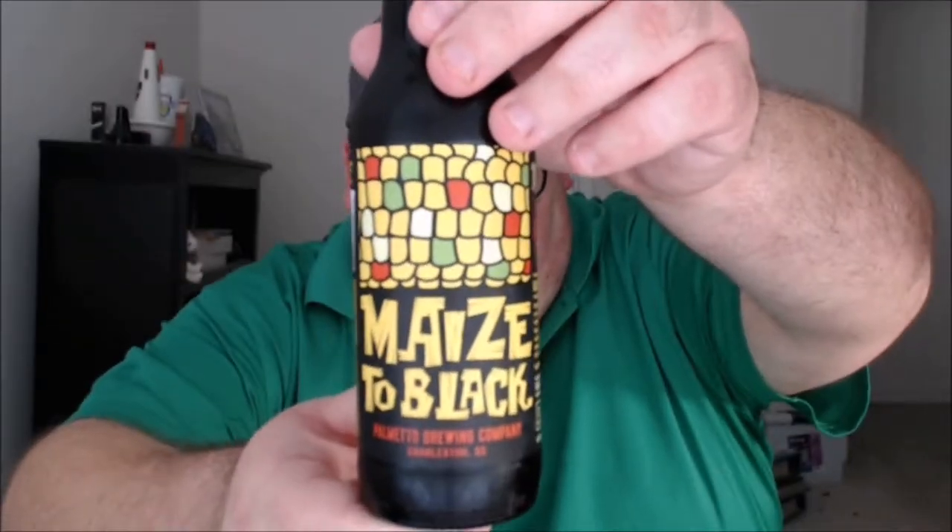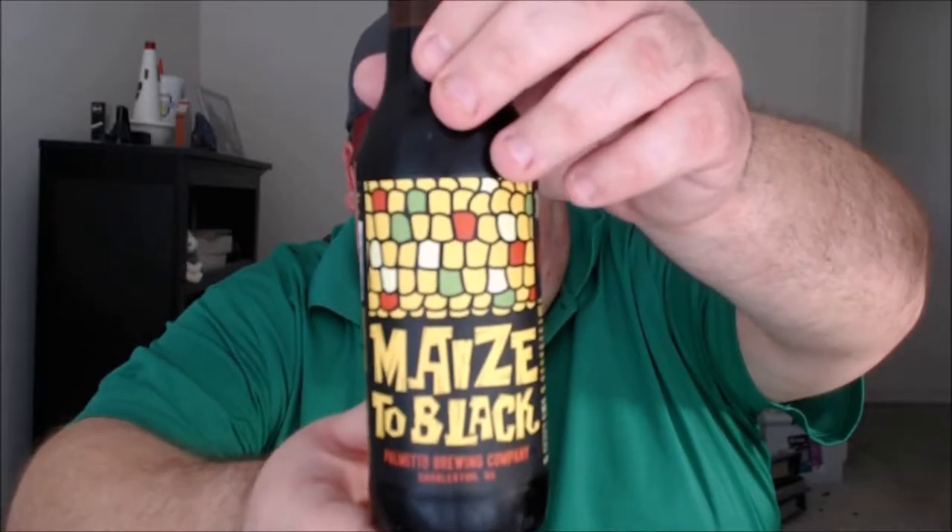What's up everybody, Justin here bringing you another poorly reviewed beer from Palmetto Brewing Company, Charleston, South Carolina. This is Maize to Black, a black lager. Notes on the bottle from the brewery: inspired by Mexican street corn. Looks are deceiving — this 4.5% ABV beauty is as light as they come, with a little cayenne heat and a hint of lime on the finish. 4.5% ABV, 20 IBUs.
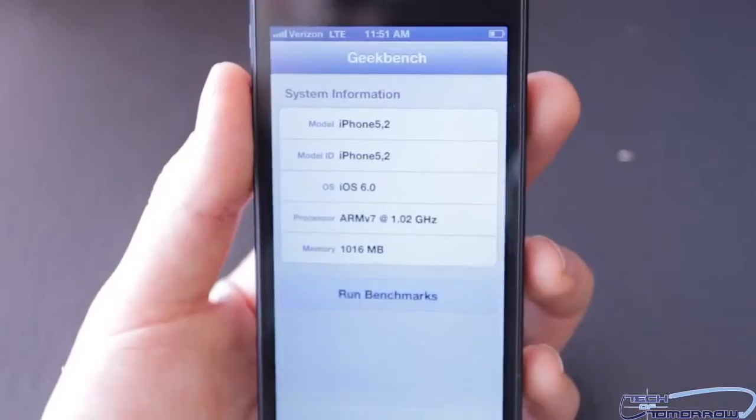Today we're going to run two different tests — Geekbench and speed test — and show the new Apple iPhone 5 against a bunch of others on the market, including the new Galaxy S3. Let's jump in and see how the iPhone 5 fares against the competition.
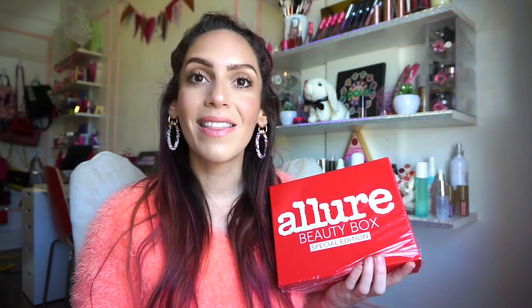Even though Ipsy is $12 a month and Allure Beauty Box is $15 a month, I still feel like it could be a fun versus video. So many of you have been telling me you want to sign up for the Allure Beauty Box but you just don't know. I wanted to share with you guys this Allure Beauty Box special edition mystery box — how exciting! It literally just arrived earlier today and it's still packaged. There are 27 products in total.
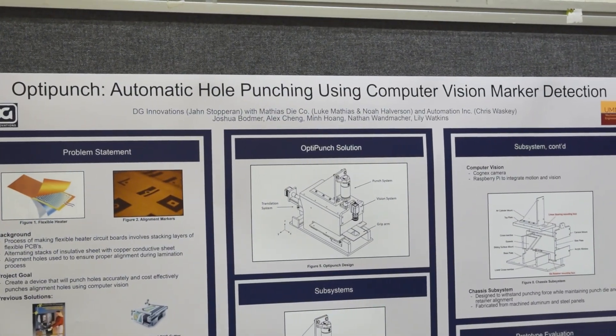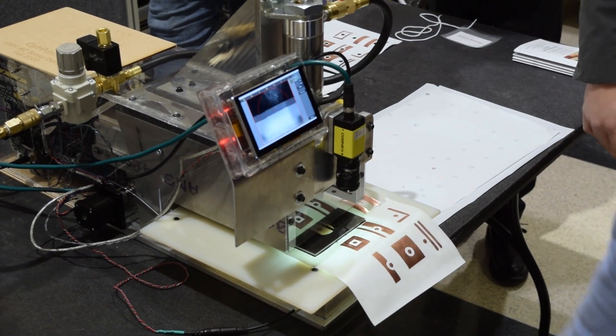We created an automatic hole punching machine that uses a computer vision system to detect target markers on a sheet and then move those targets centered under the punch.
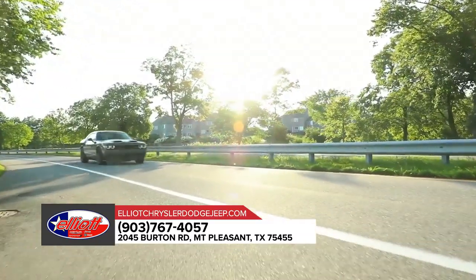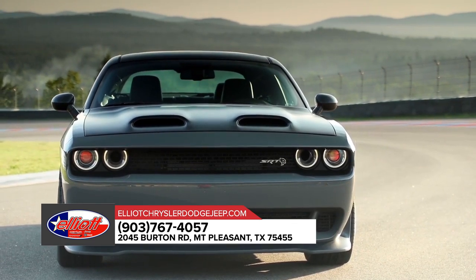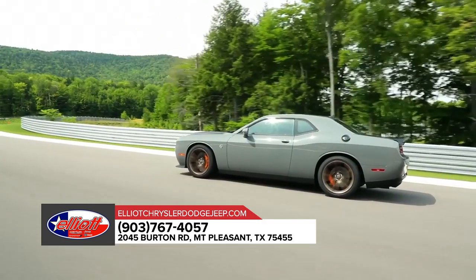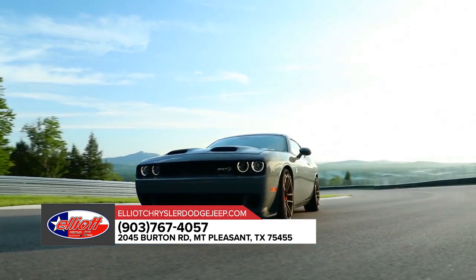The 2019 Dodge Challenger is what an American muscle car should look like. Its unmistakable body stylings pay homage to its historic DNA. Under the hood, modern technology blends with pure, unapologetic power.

........

From the first line through the line with "We created an", output those lines of the entries above exactly, and nothing else, with the pictures left out.

> FINISHED EXERCISE
What's up everybody, Justin here bringing you another poorly reviewed beer from Palmetto Brewing Company, Charleston, South Carolina. This is Maize to Black, a black lager. Notes on the bottle from the brewery: inspired by Mexican street corn. Looks are deceiving — this 4.5% ABV beauty is as light as they come, with a little cayenne heat and a hint of lime on the finish. 4.5% ABV, 20 IBUs.
Today we're going to run two different tests — Geekbench and speed test — and show the new Apple iPhone 5 against a bunch of others on the market, including the new Galaxy S3. Let's jump in and see how the iPhone 5 fares against the competition.
Even though Ipsy is $12 a month and Allure Beauty Box is $15 a month, I still feel like it could be a fun versus video. So many of you have been telling me you want to sign up for the Allure Beauty Box but you just don't know. I wanted to share with you guys this Allure Beauty Box special edition mystery box — how exciting! It literally just arrived earlier today and it's still packaged. There are 27 products in total.
We created an automatic hole punching machine that uses a computer vision system to detect target markers on a sheet and then move those targets centered under the punch.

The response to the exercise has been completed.